* DIRECTIONS FOR THIS TASK *
An exact copy is needed of the lines in the entries below from the line with "Wally Joyner &" up to and including the line with "vidaXL fekete oxford-sz&ouml;vet", and of nothing else. Leave the pictures out.

* GIVEN RECORDS *

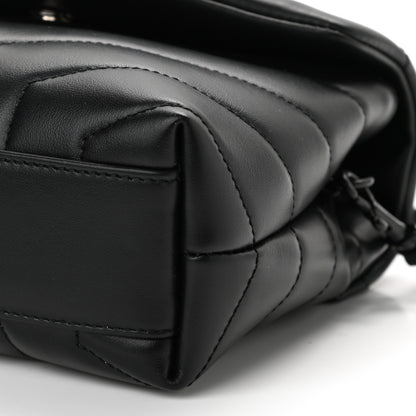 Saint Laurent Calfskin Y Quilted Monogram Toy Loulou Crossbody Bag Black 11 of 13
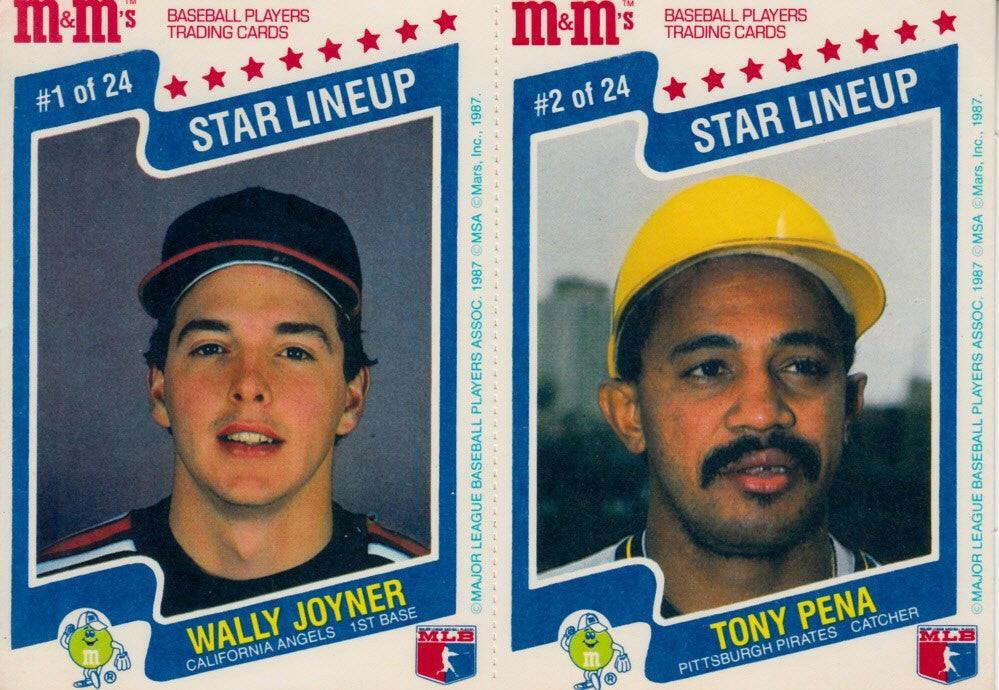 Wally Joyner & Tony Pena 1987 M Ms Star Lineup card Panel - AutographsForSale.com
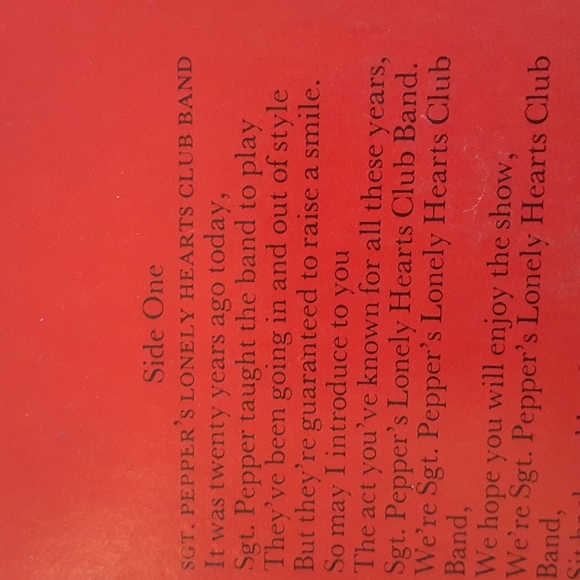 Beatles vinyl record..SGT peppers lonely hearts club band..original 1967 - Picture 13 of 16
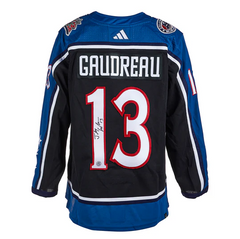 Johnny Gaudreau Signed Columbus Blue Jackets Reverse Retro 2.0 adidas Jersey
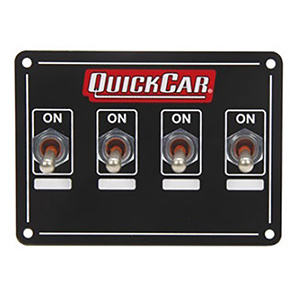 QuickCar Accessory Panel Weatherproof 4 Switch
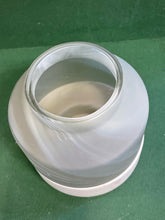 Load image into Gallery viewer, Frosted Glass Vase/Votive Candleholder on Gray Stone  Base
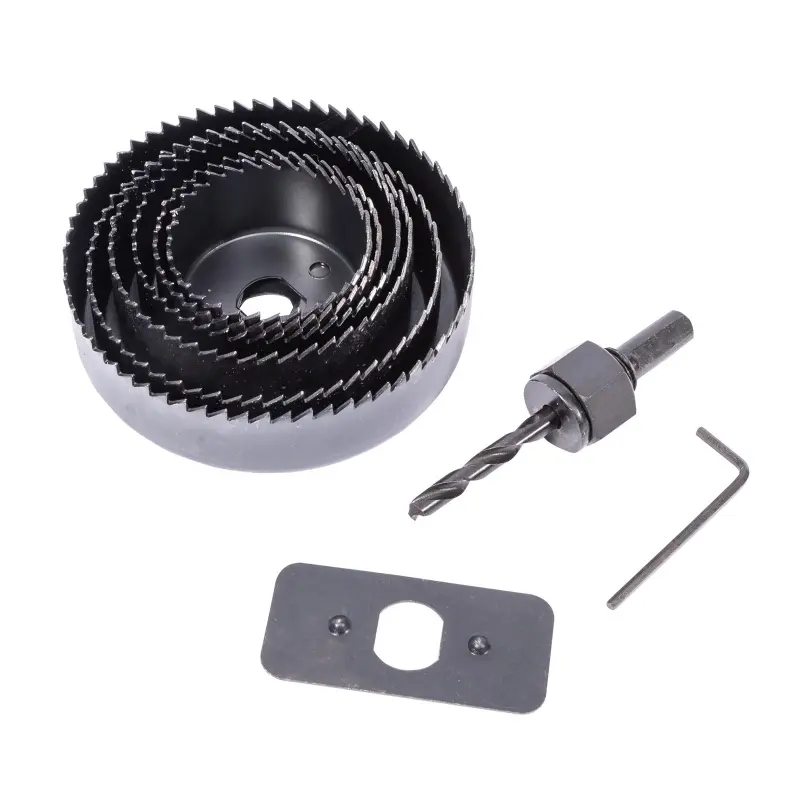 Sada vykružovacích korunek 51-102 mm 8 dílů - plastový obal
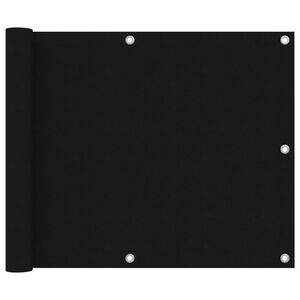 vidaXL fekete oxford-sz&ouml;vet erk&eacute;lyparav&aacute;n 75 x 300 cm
==
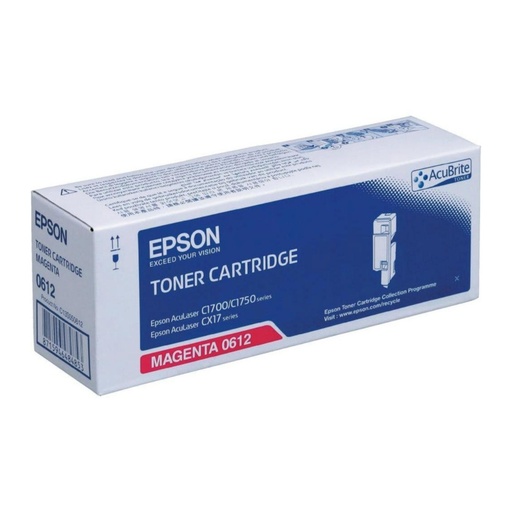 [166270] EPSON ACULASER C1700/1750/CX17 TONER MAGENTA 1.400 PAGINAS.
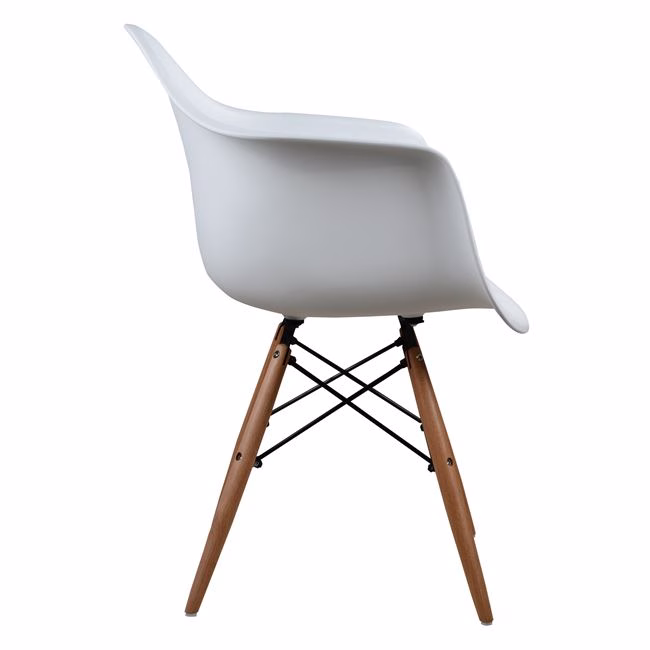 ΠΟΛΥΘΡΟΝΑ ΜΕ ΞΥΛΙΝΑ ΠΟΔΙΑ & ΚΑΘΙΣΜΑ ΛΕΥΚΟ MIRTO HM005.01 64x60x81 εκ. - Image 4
* * *
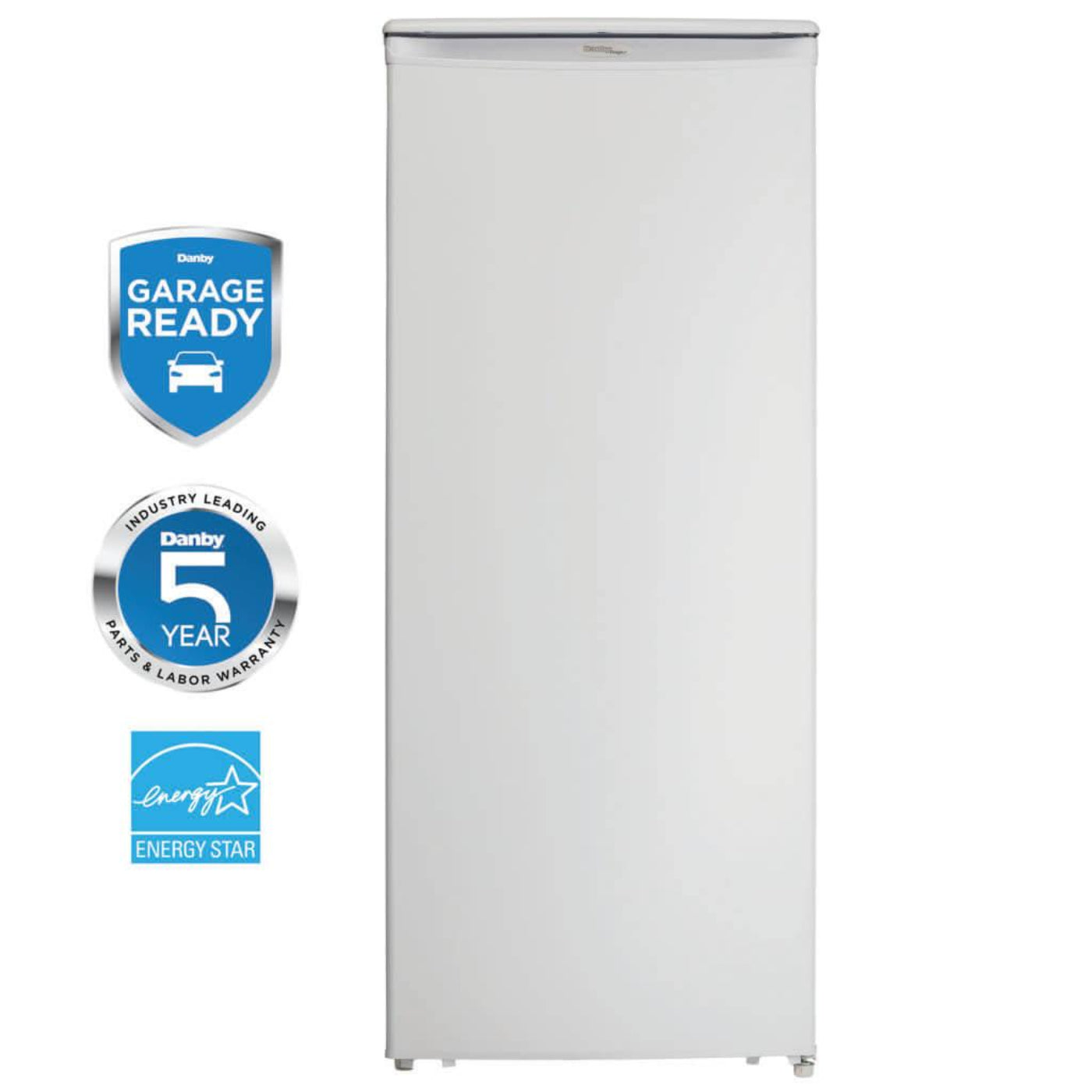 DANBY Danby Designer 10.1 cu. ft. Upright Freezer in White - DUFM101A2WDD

* ANSWER BELOW *
 Wally Joyner & Tony Pena 1987 M Ms Star Lineup card Panel - AutographsForSale.com
 Beatles vinyl record..SGT peppers lonely hearts club band..original 1967 - Picture 13 of 16
 Johnny Gaudreau Signed Columbus Blue Jackets Reverse Retro 2.0 adidas Jersey
 QuickCar Accessory Panel Weatherproof 4 Switch
 Load image into Gallery viewer, Frosted Glass Vase/Votive Candleholder on Gray Stone  Base
 Sada vykružovacích korunek 51-102 mm 8 dílů - plastový obal
 vidaXL fekete oxford-sz&ouml;vet erk&eacute;lyparav&aacute;n 75 x 300 cm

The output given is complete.